▸ **INPUT DATA**:

'''

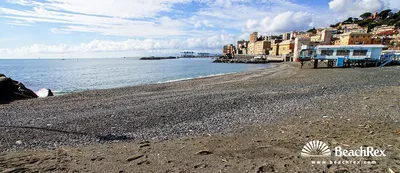 Пляж, утес и рыбацкая деревня вернаццола недалеко от центра генуи, на  итальянской ривьере. | Премиум Фото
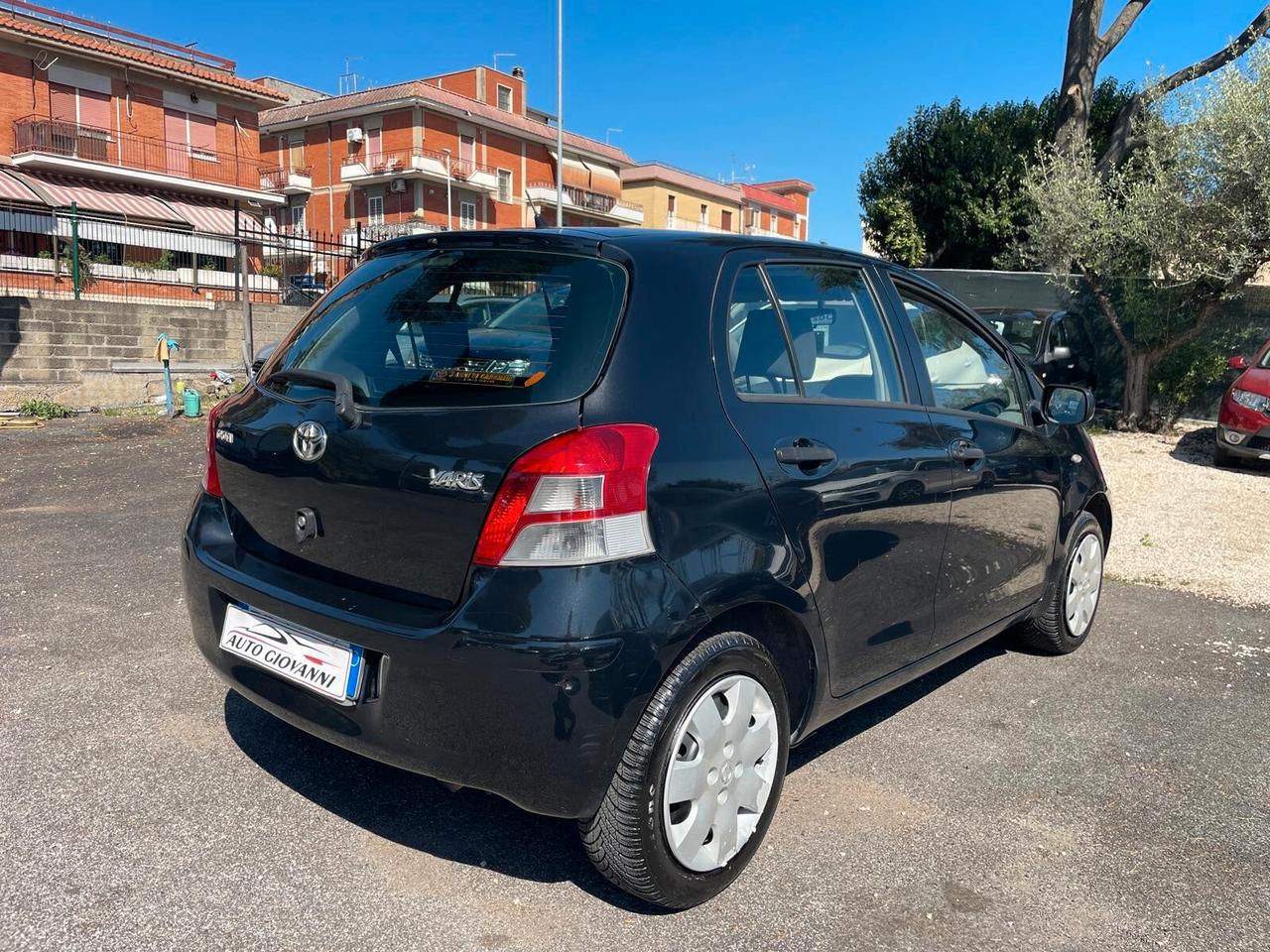 Toyota Yaris 1.0 5 porte Sol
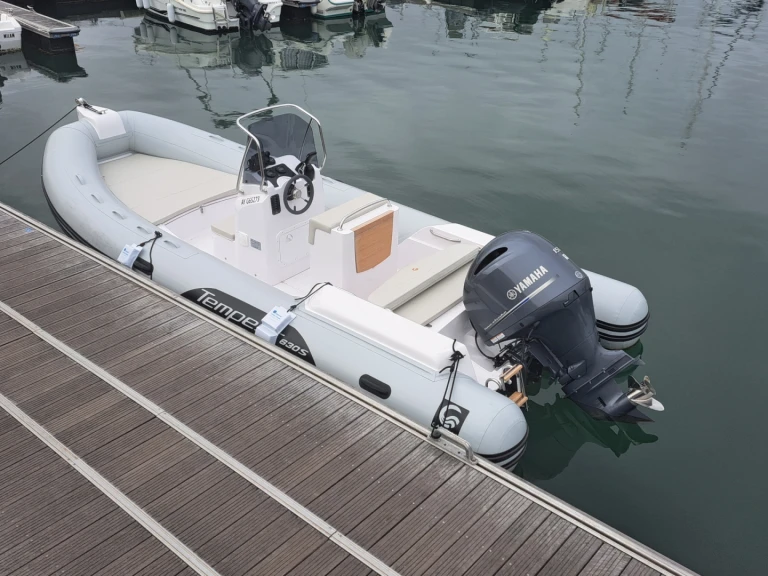 Rent a Capelli Tempest 630 Port-Haliguen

'''

▸ **PROMPT**: With the pictures left out, output exactly the lines that begin at the line containing "Toyota Yaris 1.0 5 porte Sol" and end at the last line of the material.

▸ **EXERCISE OUTPUT**:
 Toyota Yaris 1.0 5 porte Sol
 Rent a Capelli Tempest 630 Port-Haliguen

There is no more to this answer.